Has the state of the world kept you up at night during the last several years? Have you ever said to yourself “I wish I had that guy who made the Big Shot and Anchorman” tell me a bedtime story? If so, then filmmaker Adam McKay’s new podcast “Bedtime Stories with Adam McKay” from his production company Hyperobject Industries and Sony Entertainment might be your ticket to a more relaxing sleep, or at least a fun way to navigate these (in Adam’s words)“crazy bonkers times that we’re living through.”
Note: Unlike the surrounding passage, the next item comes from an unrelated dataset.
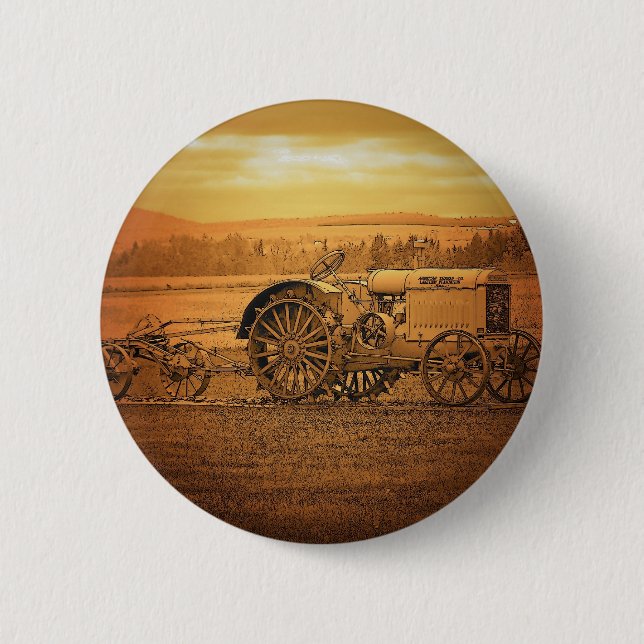 Antique Tractor 6 Cm Round Badge (Front)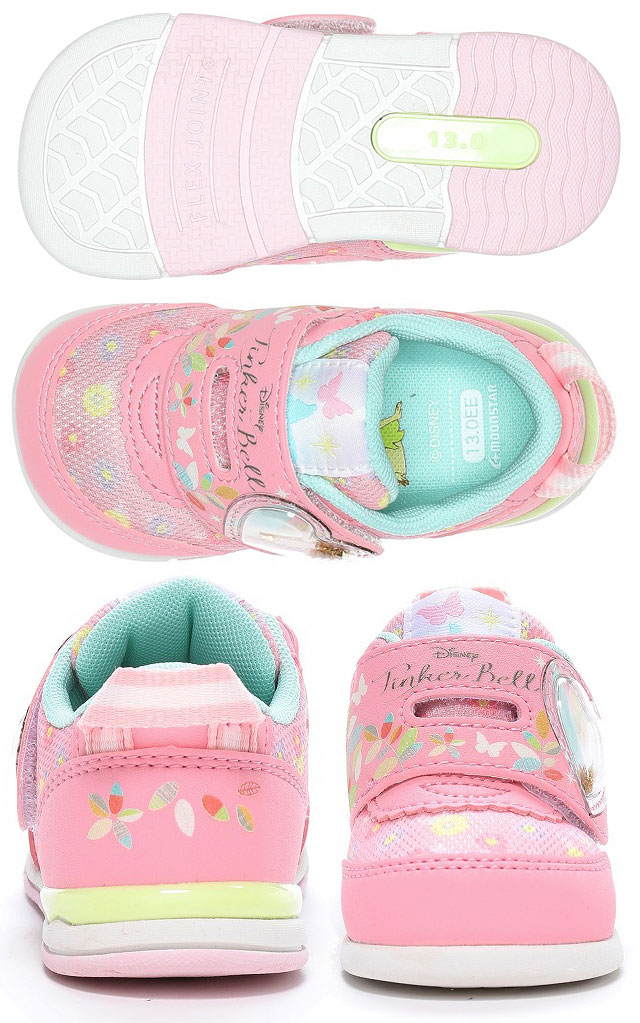 ムーンスター ディズニー ベビーシューズ 女の子 ファーストシューズ ティンカーベル キッズ マジックテープ ベルクロ ローカット 子供靴 ピンク 花柄 Disney ムーンスター ディズニー ベビーシューズ 女の子 ファーストシューズ ティンカーベル キッズ マジックテープ ベルクロ ローカット 子供靴 ピンク 花柄 Disney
The improvised stories are told with a spoken word prompt from producer Harry Nelson and McKay goes right to work in one take telling an enjoyable story from start to finish that draws on his years of improv experience in Chicago where he was one of the founders of the Upright Citizens Brigade Theater. He says the concept for this particular storytelling podcast came to him from remembering how much fun he had telling bedtime stories to his daughters when they were growing up and thinking that this might be a way to help him get through his sleepless nights these last several years. He also was listening to a lot of storytelling podcasts at the time and the ones he was drawn to were ones he could still enjoy with the volume turned down like author Paul Auster and his books on tape because of his deep voiced delivery. McKay says that hearing Paul’s voice was very relaxing while he was in a “sweat slickered panic about the climate collapsing and watching Democracy collapse like Dominos.”
But it’s not only Adam McKay who will be sending audiences into a fitful embrace during the show’s first season, but celebrity guests like Sarah Silverman and Monica Padman and his biggest dream guest that he told me he was incredibly excited about, John Lurie. Adam previously worked with the fiercely independent artist in the HBO series Painting with John in 2021, a show that McKay executive produced.
We spoke with Adam over Zoom and audio only for this interview.
How does this show fit in with Hyper Object Industries?
Adam McKay: I’m not sure that it does, but in setting up the company we allowed for a certain number of projects that we weren’t sure they would fit in. We try to do projects that address this bouncy castle full of hyenas world that we live in, but sometimes you just got to tell a good bedtime story.
I’ve got to admit, it was hard to go to sleep after watching your film Don’t Look Up.
McKay: You can imagine if you watched it and had trouble sleeping how difficult it was for me to sleep while making it, especially since January 6 happened during filming! I’ve had a lot of friends tell me they’ve had trouble sleeping since then. These are improvised stories and they’re sometimes funny or strange but they fit into our mission statement since it’s important to laugh and to hear stories. You gotta live in the midst of these times and the idea for this podcast came from a joyful place. Something I love about podcasts is you can use them for ideas like this and try ideas where you don’t know the answer to the question and you don’t have to have a huge budget. Bedtime Stories most feels like it’s in the spirit of “hey let’s give it a try.”
What are some of the elements of a story that puts you to sleep?
McKay: Some of the stories aren’t necessarily the greatest bedtime stories, but what is important is the storyteller’s voice. I like to slow down and be very deliberate and the more specifics I can include, the better. If I can think about the jacket a woman is wearing or the odd candle in the bedroom, the more I’m pulled into a world. Those are the key elements of a good story I think.
Are there any words that don’t make for good suggestions?
McKay: Some are pretty tough, but you can honestly take any suggestion. I was teaching a class where part of the assignment was to create a story with hard words, and I suggested some bad ones like “OJ Simpson” or “fart” and the class rounded the terrible suggestion and created something interesting. So honestly you can use any word.
The first episode “Frenzy” is out starting today.